Freeing ourselves

January 30, 2015 -- Living City

Freeing ourselves

Discovering racist attitudes within and facing them

By Msgr. Charles Quinn

Racism is a weird disease. You do not realize you are getting it until it is too late. And then you may not even know you have it. There never was a discussion, much less a class or lecture, about racism. No one ever spoke directly about it. Offhand comments, gestures and facial expressions were the ways, like osmosis, that I absorbed the culture and attitudes of people around me. We just accepted that African Americans were greatly appreciated as musicians or entertainers, but were not allowed to have dinner at the places where they performed.
“The way things are” is “the way things are.” Yeah. Right.

It was not a sermon or theological book that awakened me. It was a decision of the Supreme Court of the United States. Who says all moral awakenings came from a religious text or person? Back in the 1950's there was a movement for racial justice for the U.S. African Americans who had served loyally in World War II. They were justifiably unwilling to accept second class status as citizens. The famous Brown vs. The Board of Education decision happened in 1954, while I was in the seminary studying for the priesthood.

That decision caused me to reconsider my attitudes and assumptions. I began to realize that some things were not right in the United States. There were injustices, not just in the South, where segregation at that time was the order of the day, but also in the North, where I lived. We were not such an open and accepting society as I had imagined. I had accepted all the wrongs and injustices in my society as somehow normal, not really sinful.

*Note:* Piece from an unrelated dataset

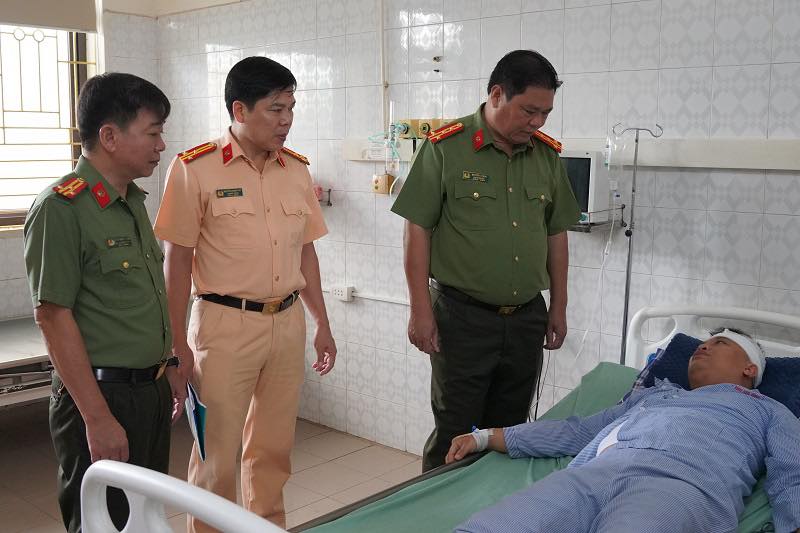 Đại úy công an ở Hòa Bình bị người đi xe máy ngược chiều bỏ chạy tông trọng thương- Ảnh 1. Đại úy công an ở Hòa Bình bị người đi xe máy ngược chiều bỏ chạy tông trọng thương- Ảnh 1.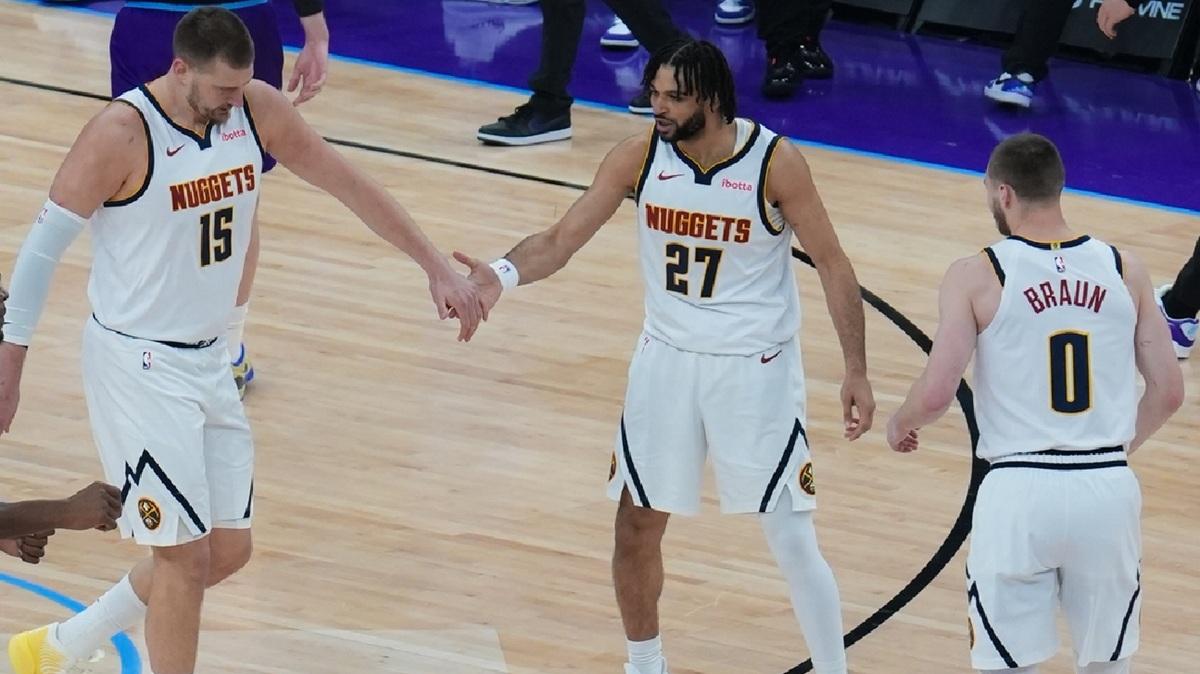 Con Murray di fuoco e Jokic in tripla doppia i Nuggets passano a Salt Lake City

Then there came along another person whom I consider an overlooked hero of the Civil Rights Movement, Archbishop George Rummel of New Orleans, Louisiana. He was originally a priest of the Archdiocese of New York, my archdiocese. In 1953, he wrote in a pastoral letter to his diocese [keep in mind it was written in 1953]:
“Ever mindful, therefore, of the basic truth that our Colored Catholic brethren  share with us the same spiritual life and destiny, the same membership in the Mystical Body of Christ, the same dependence upon the Word of God, the participation in the Sacraments, especially the Most Holy Eucharist, the same need of moral and social encouragement, let there be no further discrimination or segregation in the pews, at the Communion rail, at the confessional and in parish meetings, just as there will be no segregation in the kingdom of heaven “

In 1956 he desegregated the Catholic schools of the archdiocese. There was an uproar at this point, so strong that he had to threaten excommunication. He did excommunicate three people who were publicly and vocally opposing the integration of Catholic schools. This made national headlines. In another pastoral letter he wrote: “Racial segregation as such is morally wrong and sinful because it is a denial of the unity and solidarity of the human race as conceived by God in the creation of Adam and Eve.”

I am not sure, but I think that was the first time I ever heard racial discrimination described as sinful. After all, I read a lot of those long laundry lists of sins you find in examinations of conscience. I never remember racism being listed as one of the sins. Around this time, in the late 1950's, I began to realize there was a moral dimension to my racist attitudes. I could not ask others to change if I did not change myself. Painful as it was, I gradually realized my involvement in the sin of my society. We had neighbors that were African American, and I studied in the seminary with African American men. However, when I heard that they were not allowed to go to a movie in Washington, I felt that we had to change not only personal relationships, but also the law.

Looking back, I can say that I personally, and we as a nation, have come a long way. But we are not free of this virus. I share my story in the hope that others will take a look inside themselves to see the discriminatory attitudes they have absorbed from our culture — even without wanting to — and face them.